Fey

by MrProphet



Category: Arthurian Mythology
Genre: Gen, Threats of Rape/Non-Con
Language: English
Status: Completed
Published: 2017-04-22
Updated: 2017-04-22
Packaged: 2018-10-22 12:42:56
Rating: Mature
Warnings: No Archive Warnings Apply
Chapters: 1
Words: 1,091
Publisher: archiveofourown.org
Story URL: https://archiveofourown.org/works/10697253
Author URL: https://archiveofourown.org/users/MrProphet/pseuds/MrProphet





	Fey

The mists closed in overnight, clinging close and soaking into Morgana’s cloak while she slept. She woke up cold and wet. Her fire was quite smothered and she could coax no life back into it to heat her breakfast. She let a handful of oats soak for a time while she tended to her horse and then chewed the cold mash thoughtfully.

The sun shone weakly through the fog, which showed no sign of burning off.
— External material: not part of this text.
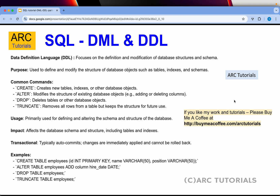DDL stands for Data Definition Language, which focuses on the definition and modification of database structures and schema. When we say database structures, we mean tables, indexes, and schema. It is used to define and modify the structure of database objects, mostly tables and indexes. The common DDL commands are: CREATE, which is used to create new tables, indexes, and databases; and ALTER, which is used for modifying the structure of an existing database object — for example, adding or deleting columns from a table.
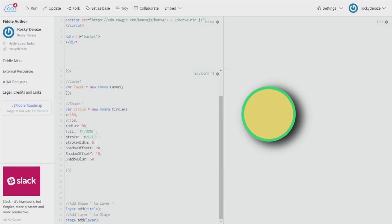Hey guys, this is Rocketry Rays and we are back with another tutorial. I'll talk about RGB and RGBA filters today. This might be pretty intuitive already because RGB stands for red, green, and blue, and RGBA stands for red, green, blue, and alpha — alpha being the transparency channel. These filters can be applied in a similar fashion to how we've been applying them in the past few videos.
Morgana could see nothing clearly more than five feet away from her, but shapes moved constantly in the mist and her skin prickled with the awareness of some unnatural, but not unwholesome force.
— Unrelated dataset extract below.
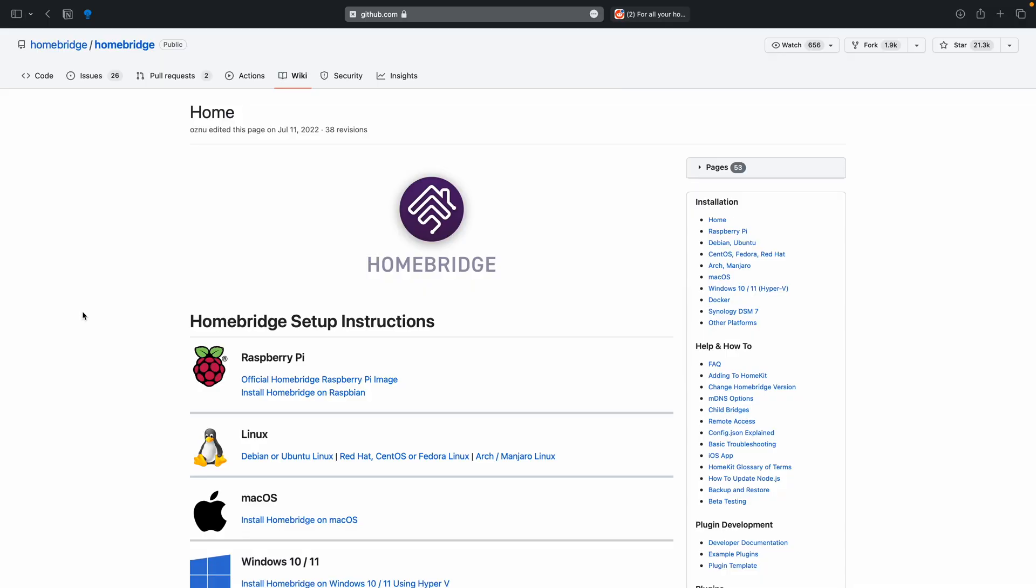Now in the description I've also left a link to the Homebridge wiki page and also on how to install Homebridge using a Windows 10 PC, a Mac, and also using a Synology NAS that has DSM 7 or DSM 6 using Docker.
The horse whickered uncomfortably.

“You feel it, don’t you,” Morgana said, rising to stroke the mare’s dark head. “Do you see them?”

She swiftly packed up her camp and saddled the horse. Before mounting, she blindfolded the mare and laid a hand upon her brow. “Trust me,” she murmured, and the animal grew calm, soothed by her touch. “I shall guide you true, brave one.”

They went slowly, for fear of stumbling, with Morgana leading her mare by her halter. Still the mists around them swirled and threw up shapes of people and animals and stranger things. She felt her way ahead with the foot of the slender rowan staff, as tall as herself, which had led her all the way from Orkney, through Frisia and Austrasia, and at last across Aquitaine to this southerly part of the Frankish Kingdoms.

“They said it would be warm here,” she told her mare, when the animal shivered. She dropped back to drape an arm over the animal’s neck, letting a little of her heat bleed into the beast.

The mare bridled suddenly, shying back from something she senses in the mist ahead. Morgana had travelled too long with the animal to think her skittish. She loosed her grip across the mare’s back and grasped her staff in both hand.

Three figures, more solid than the others, moved in the mist. They darkened, thickened and at last emerged; three men, and a fourth behind them, armed and ill-intentioned. Morgana could read the hostility in their gaze, and see the hunger – not for food, but for gain – with which they looked at her thick cloak and fine horse.

“Good day to you, sirs,” Morgana said in her halting Provençal. She took a step away from the mare.

One of the men stepped forward, while the others spread out behind him. All four wore coarse-woven clothes and tattered, much-repaired boots, and the leader had a shirt of rusted, ill-fitting mail which probably hindered him more than it protected. He also carried a sword, which in contrast to the armour had been polished until it shone. One of his cohorts carried a short woodsman’s bow and carried a small axe beside the knife in his belt, the other two were armed with a similar short axe and a boar spear respectively.

Morgana considered flight, her horse could outpace these men and the fog would hinder the archer, but the wand in her hand twitched gently, urging her on past the four ruffians. Besides, the horse would probably trip in the mist and then where would she be?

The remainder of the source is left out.